In recent decades, various methods proposed by researchers have achieved remarkable results in many open datasets. However, in real-time and real scene motion recognition, the theoretical model still cannot achieve satisfactory results. Each algorithm has functional problems to be solved. The specific problems are described as follows: (1) great changes in motion: the complexity of human structure and behavior is an important factor affecting the accuracy of motion recognition, and the expression forms of different human actions are also very different. Also, the similarity between sports has a great impact on the accuracy of sports recognition, such as running and jogging. The difference between them is mainly the difference between human motion frequency and human joint. In the same complex context, it is difficult to distinguish the two actions. (2) The background has great influence: because a large part of human activities is concentrated in the outdoor, the background of human motion video saved by the camera is often complex. In the later stage of motion feature extraction, complex background often produces more noise, which affects the accurate expression of human motion. (3) Data is difficult to obtain and mark: the task of motion recognition is usually to extract the features of the input video data containing human motion and then use a supervised learning algorithm to classify them. To use the supervised learning algorithm, we first need to sample and annotate the data. Video data usually contains a certain length of video frame sequence, and the occurrence of actions is instantaneous and flexible. (4) The difficulty of real-time recognition is great: at present, the research field of motion recognition mainly focuses on the classification of human daily behaviors and actions. The recognition algorithm mainly divides the input video data into several defined action categories after complex processing. However, due to the fast instantaneous change of human motion, it is difficult for the recognition algorithm to accurately recognize the motion in the video in real-time. The above four points are the main difficulties of motion recognition and analysis, and they are also the difficulties that all researchers in the field of motion recognition and human behavior analysis must face. This paper will start with these difficulties, and put forward the author’s solutions for some of them [1 –3].

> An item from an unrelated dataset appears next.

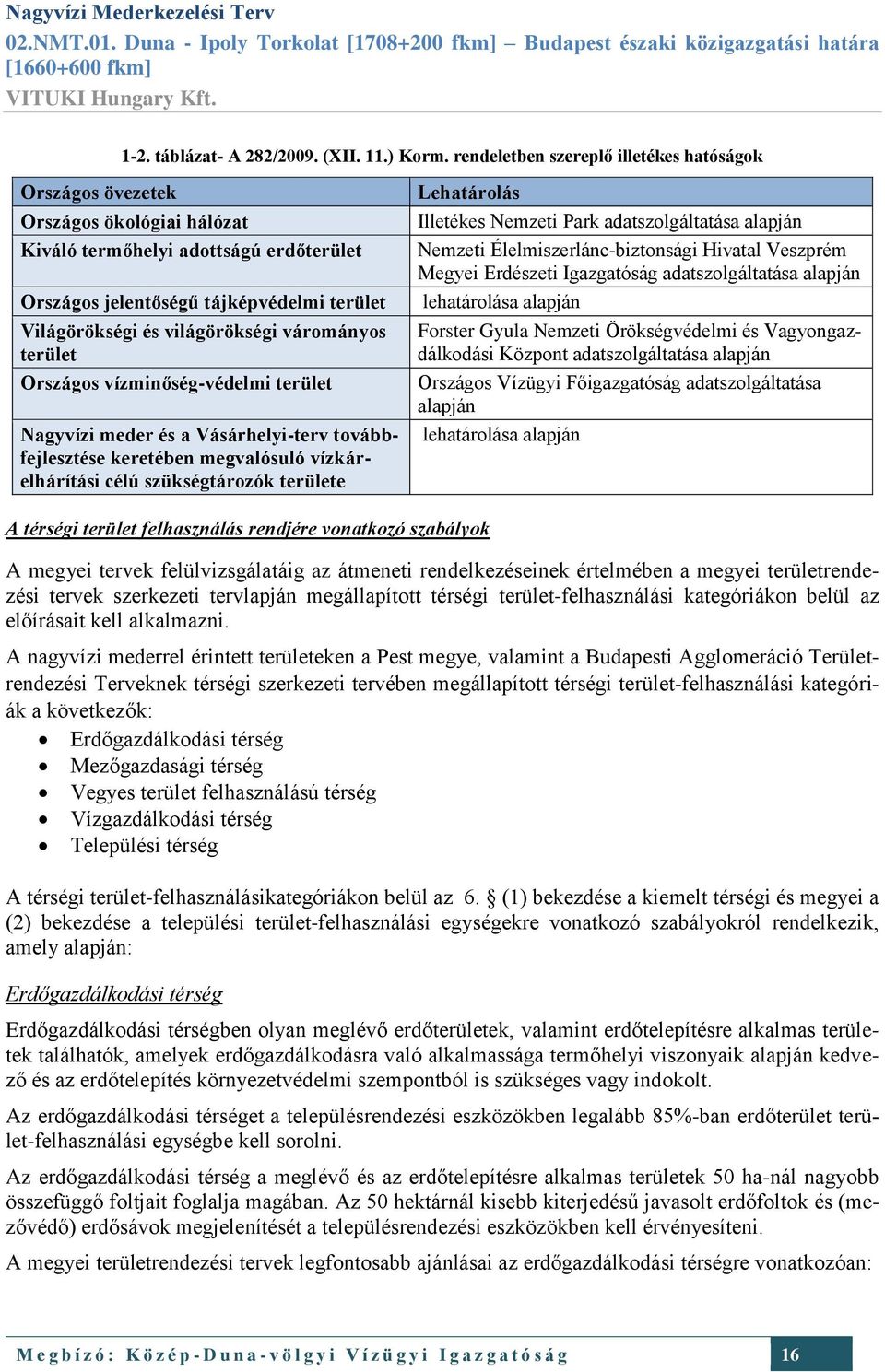 várományos terület Országos vízminőség-védelmi terület Nagyvízi meder és a Vásárhelyi-terv továbbfejlesztése keretében megvalósuló vízkárelhárítási célú szükségtározók területe Lehatárolás Illetékes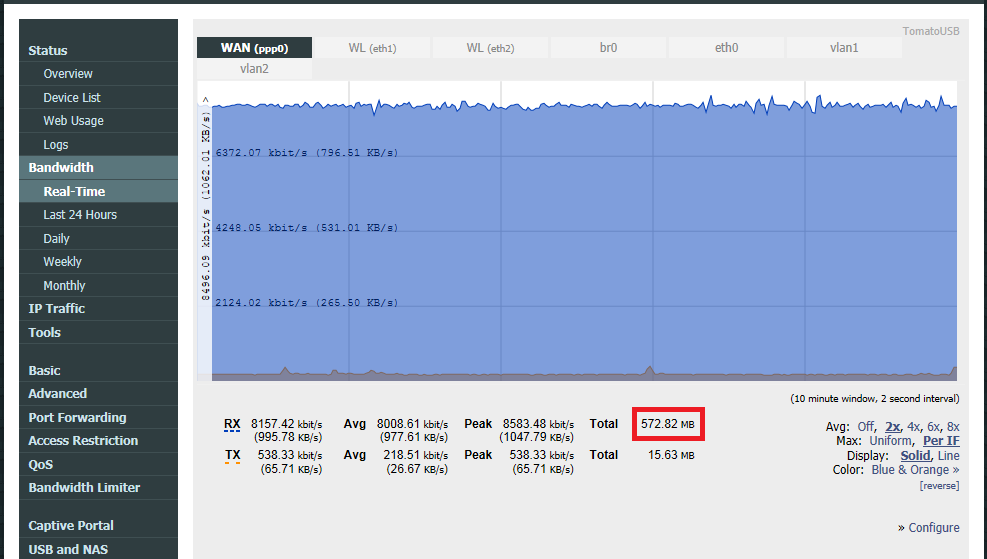 openlinksys.info/forum/attachments/total_bug.png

This paper describes the analysis method of sports action, introduces the application model of sports action in the neural network, and points out the shortcomings of the existing traditional neural network recognition methods. Based on previous research, this paper introduces deep learning and fuzzy theory as an optimization algorithm, which combines human body structure feature model, fuzzy theory, and deep learning neural network technology, and is used for sports action classification to build a new intelligent system of deep learning sports action analysis. Through the improvement of deep learning optimization algorithms in machine learning, combined with sports action detection, figure contour extraction, and other technologies, the DBN structure of action recognition is reset. Through the combination of convolution neural network and cyclic neural network, the normalization technology is used to achieve the task of sports action analysis and quantification in this paper. To verify the effectiveness of the proposed intelligent recognition system, the related experiments are established in this paper. In the experiment, the main methods of feature dimension reduction, multi-feature fusion, and particle swarm optimization are used as comparison objects. To ensure the sufficiency of the experimental samples, the experimental samples in this paper are all from the MSR action3d data set, and on this basis, the comparative analysis of action classification performance, delay performance, feature expression performance, and comprehensive accuracy is carried out. The data shows that the quantitative system of sports movement analysis based on deep learning in this paper has higher accuracy than the traditional method, and it also shows obvious advantages in many aspects, such as movement classification, time, and so on.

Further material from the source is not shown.